The demo turns the theory into a workflow. Starting from a fork of Bolt.new, the presenter generates a Space Invaders-style game from a short prompt, then adds a second agent to iteratively improve gameplay: aliens arrive in waves, power-ups trigger on kills, stars appear in the background, and visuals become more “alien” using emoji styling. The second agent effectively performs QA and feature requests in the background, demonstrating how planning and multi-agent collaboration can transform a rough prototype into a more engaging experience. The closing takeaway is a call to action for Singapore: use foundation models to build an “AI engineering nation,” leveraging the agent stack as a roadmap for what to build next as capabilities keep improving.
Cornell Notes
The talk presents AI agents as a layered engineering stack: LLMs plus memory plus planning plus tools. It recommends building agents by mapping each layer to specific jobs—gateway/ops/RAG for infrastructure, memory and knowledge stores (including vector DBs and knowledge graphs) for retrieval, planning and multi-agent approaches for better performance, and tool orchestration (code execution, browser control, and ReAct/self-ask loops) for real-world interaction. A live demo shows how adding a second agent to handle QA and feature requests upgrades a generated Space Invaders game into a more polished, engaging experience. The practical takeaway: developers can build advanced agents without deep research training by using a mental map of agent capabilities and updating it as model capabilities improve.

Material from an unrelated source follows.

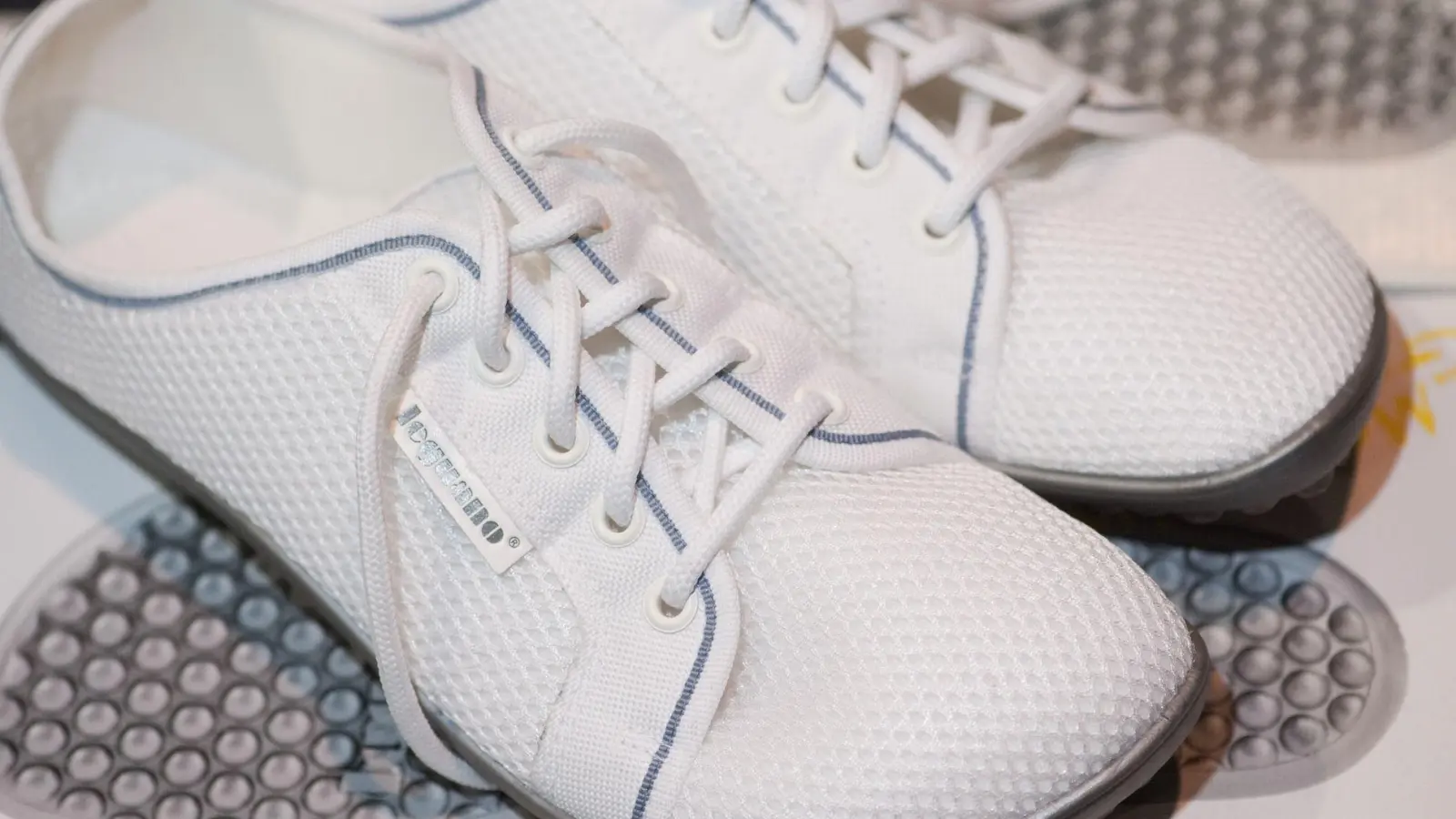 Natürliche Fußbewegung fördern: Barfußschuhe zeichnen sich durch eine dünne, flexible Sohle und viel Zehenfreiheit aus. (Foto: Klaus-Dietmar Gabbert/dpa-tmn)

What does “LLM + memory + planning + tools” mean in engineering terms?
Why does the talk treat memory as more than a nice-to-have?
How do knowledge graphs fit alongside vector databases?
What’s the role of planning and multi-agent design?
Which tool/orchestration primitives recur across agent systems?
How did the demo demonstrate multi-agent improvement?
Review Questions
- If you had to design an agent from scratch, what concrete components would you assign to the “infrastructure,” “memory/knowledge,” “planning/multi-agent,” and “tools/orchestration” layers?
- What tradeoffs might lead a team to choose knowledge graphs (Graph RAG) over vector databases for retrieval?
- In the demo workflow, what specific improvements were requested by the second agent, and how do those requests map to planning and tool use?
Key Points
- 1
Treat an AI agent as a stack: LLMs plus memory plus planning plus tools, and build each layer with a clear engineering purpose.
- 2
Start with infrastructure primitives like a gateway/ops tooling and RAG frameworks to connect models to data reliably.
- 3
Make memory a first-class capability, not an afterthought, and study implementation approaches such as the M GPT paper.
- 4
Use knowledge graphs (Graph RAG) as a serious alternative to vector databases when the problem benefits from structured relationships.
- 5
Improve performance by adding planning and multi-agent behavior, using references like “Let’s Verify Step-by-Step” and SW F as starting points.
- 6
Standardize on tool/orchestration building blocks: sandbox code execution, browser control, and ReAct/self-ask loops.
- 7
Adopt a “capabilities map” mindset: when model capabilities advance, it creates new opportunities to upgrade agent performance and user experience.